Take this sample dataframe df
df = sqlContext.createDataFrame(
[
(33, [], '2017-01-01'),
(33, ['apple', 'orange'], '2017-01-02'),
(33, [], '2017-01-03'),
(33, ['banana'], '2017-01-04')
],
('ID', 'X', 'date')
)
This code achieves what I want for this sample df, which is to order by date and to create groups ('grp') that increment when the size column goes back to 0.
df \
.withColumn('size', size(col('X'))) \
.withColumn(
"grp",
sum((col('size') == 0).cast("int")).over(Window.orderBy('date'))
).show()
This is partly based on Pyspark - Cumulative sum with reset condition
Now what I am trying to do is apply the same approach to a dataframe that has multiple IDs - achieving a result that looks like
df2 = sqlContext.createDataFrame(
[
(33, [], '2017-01-01', 0, 1),
(33, ['apple', 'orange'], '2017-01-02', 2, 1),
(33, [], '2017-01-03', 0, 2),
(33, ['banana'], '2017-01-04', 1, 2),
(55, ['coffee'], '2017-01-01', 1, 1),
(55, [], '2017-01-03', 0, 2)
],
('ID', 'X', 'date', 'size', 'group')
)
edit for clarity
1) For the first date of each ID - the group should be 1 - regardless of what shows up in any other column.

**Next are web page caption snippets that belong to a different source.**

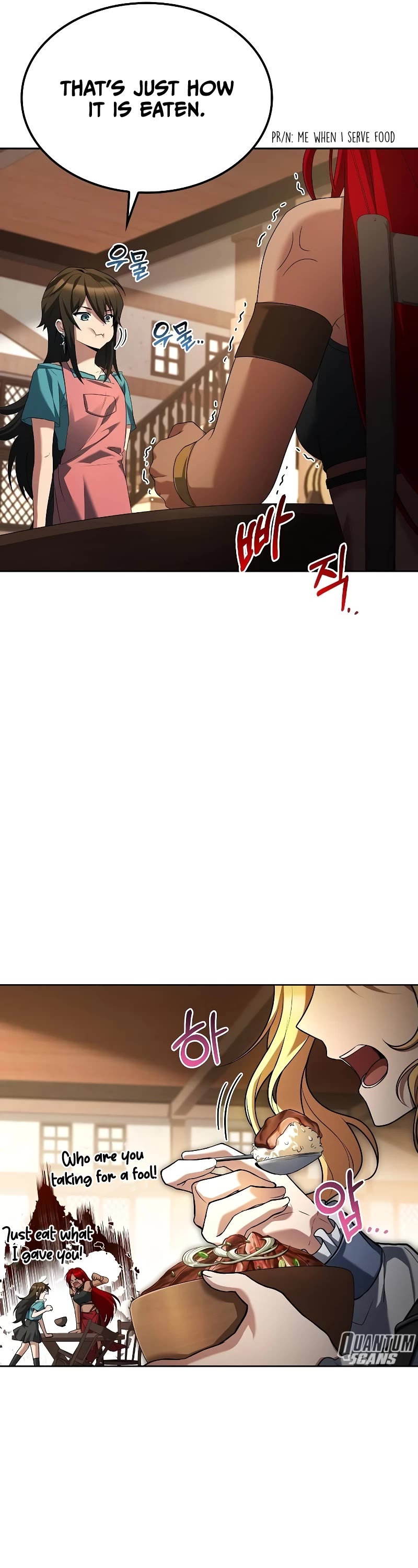 The Archmage's Restaurant Chapter 47 page 8 - Chapter 47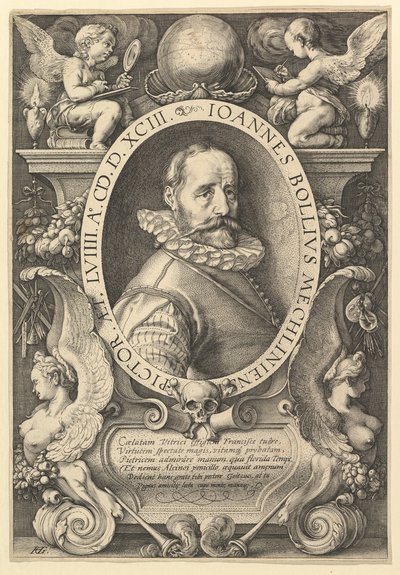 Hans Bol od Hendrick Goltzius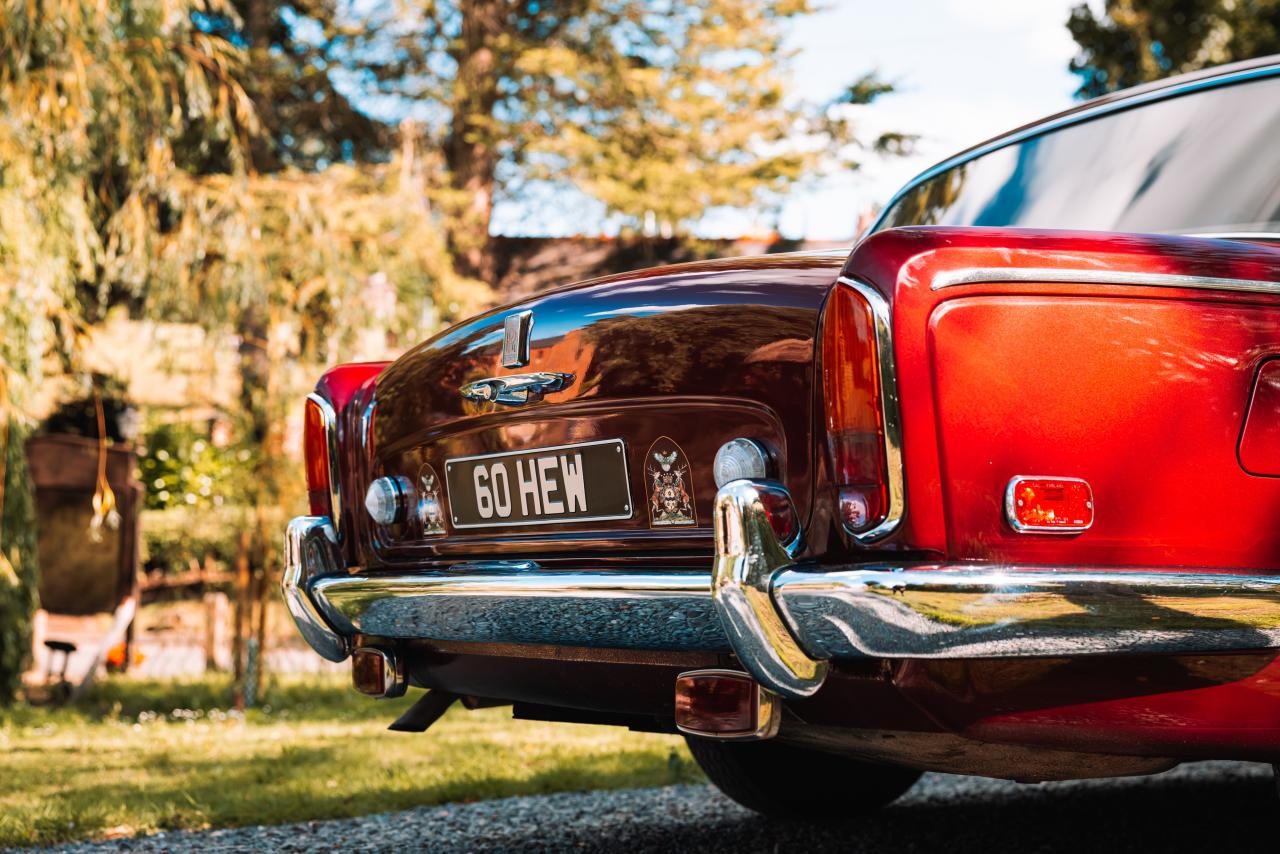 1970 Rolls - Royce Silver Shadow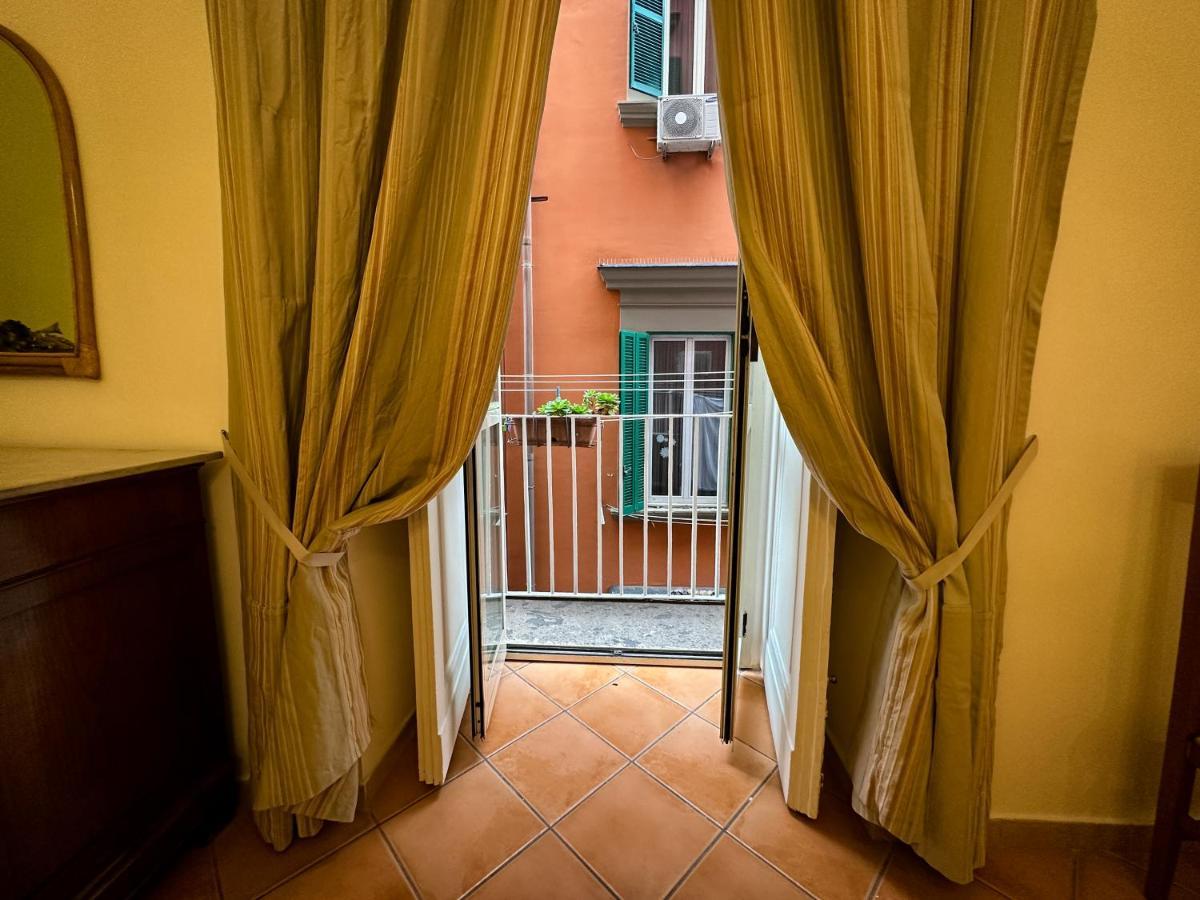 La Rotonda A Toledo Villa Nápoles Exterior foto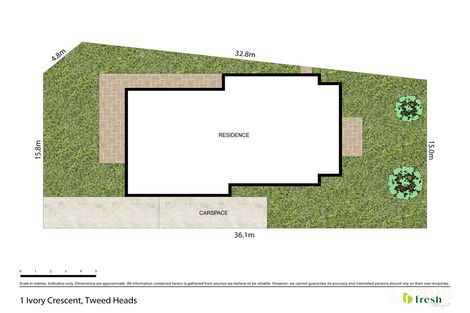 Property photo of 1 Ivory Crescent Tweed Heads NSW 2485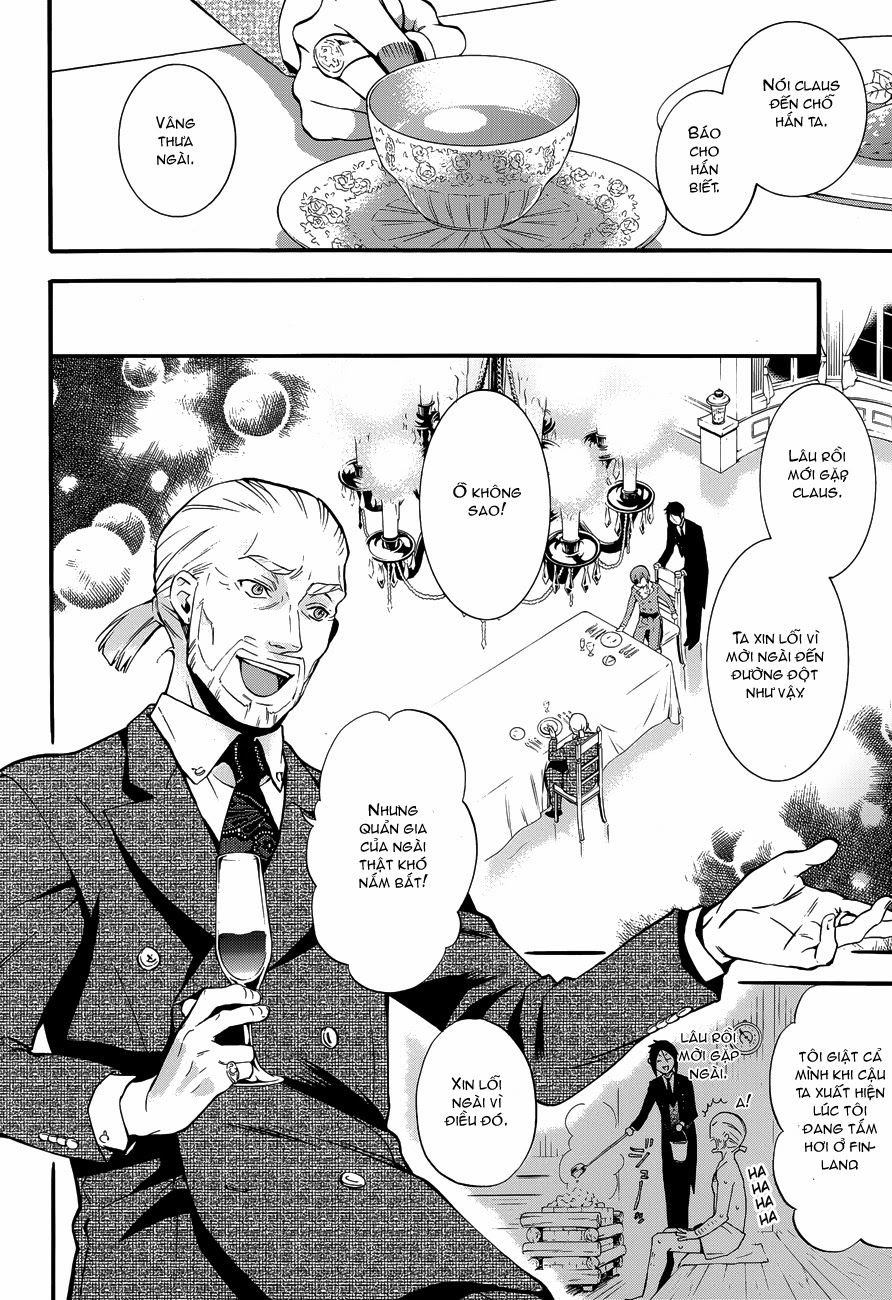 Kuroshitsuji Chapter 86 - 15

2) However, for each subsequent date, I need to check the size column. If the size column is 0, then I increment the group number. If it is any non-zero, positive integer, then I continue the previous group number.
I've seen a few way to handle this in pandas, but I'm having difficulty understanding the applications in pyspark and the ways in which grouped data is different in pandas vs spark (e.g. do I need to use something called UADFs?)